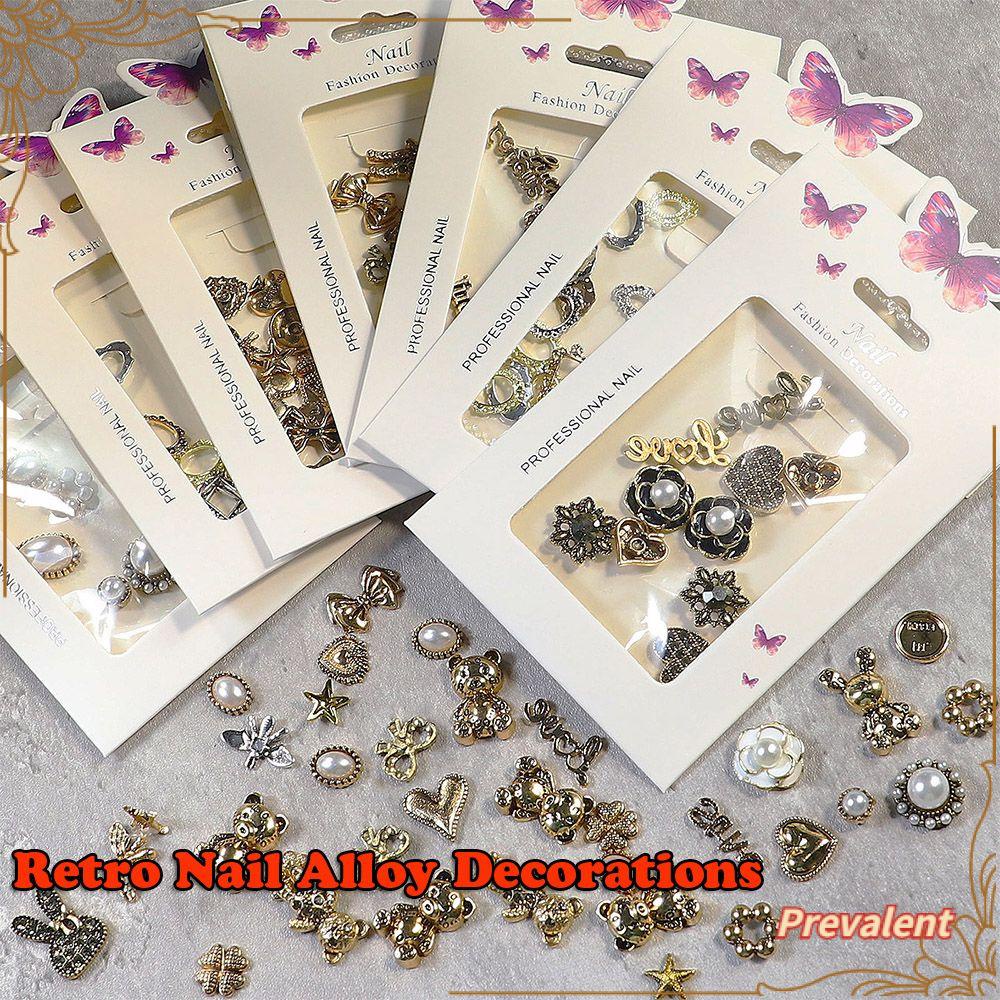 10pcs / Kantong Frame Foto Bentuk Hati Bahan Alloy Untuk Dekorasi Nail Art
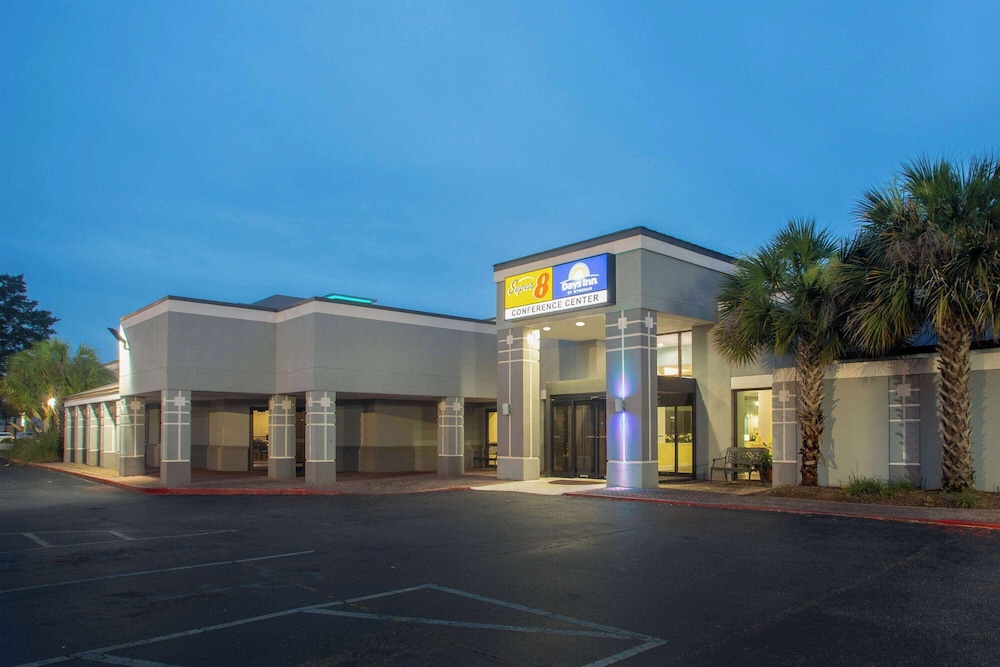 Days Inn By Wyndham Mobile I-65 2/25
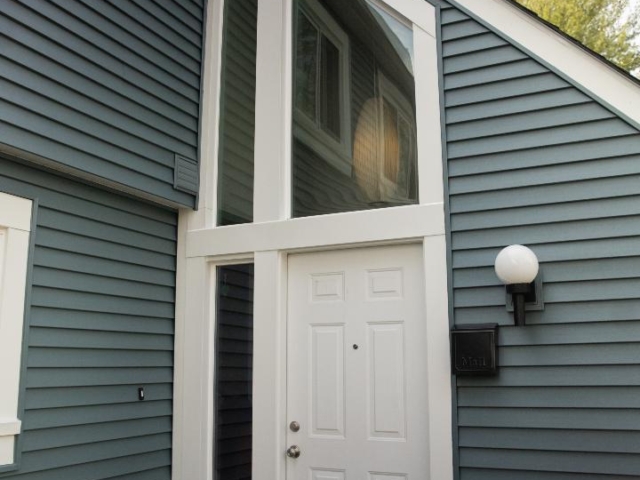 Reston home with blue vinyl installed by Presidential Exteriors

*Work to be completed*.
From the line containing "Days Inn By Wyndham Mobile I-65 2/25" down to the last line of the data above, transcribe exactly those lines and no others; omit the pictures.

*Response box*.
 Days Inn By Wyndham Mobile I-65 2/25
 Reston home with blue vinyl installed by Presidential Exteriors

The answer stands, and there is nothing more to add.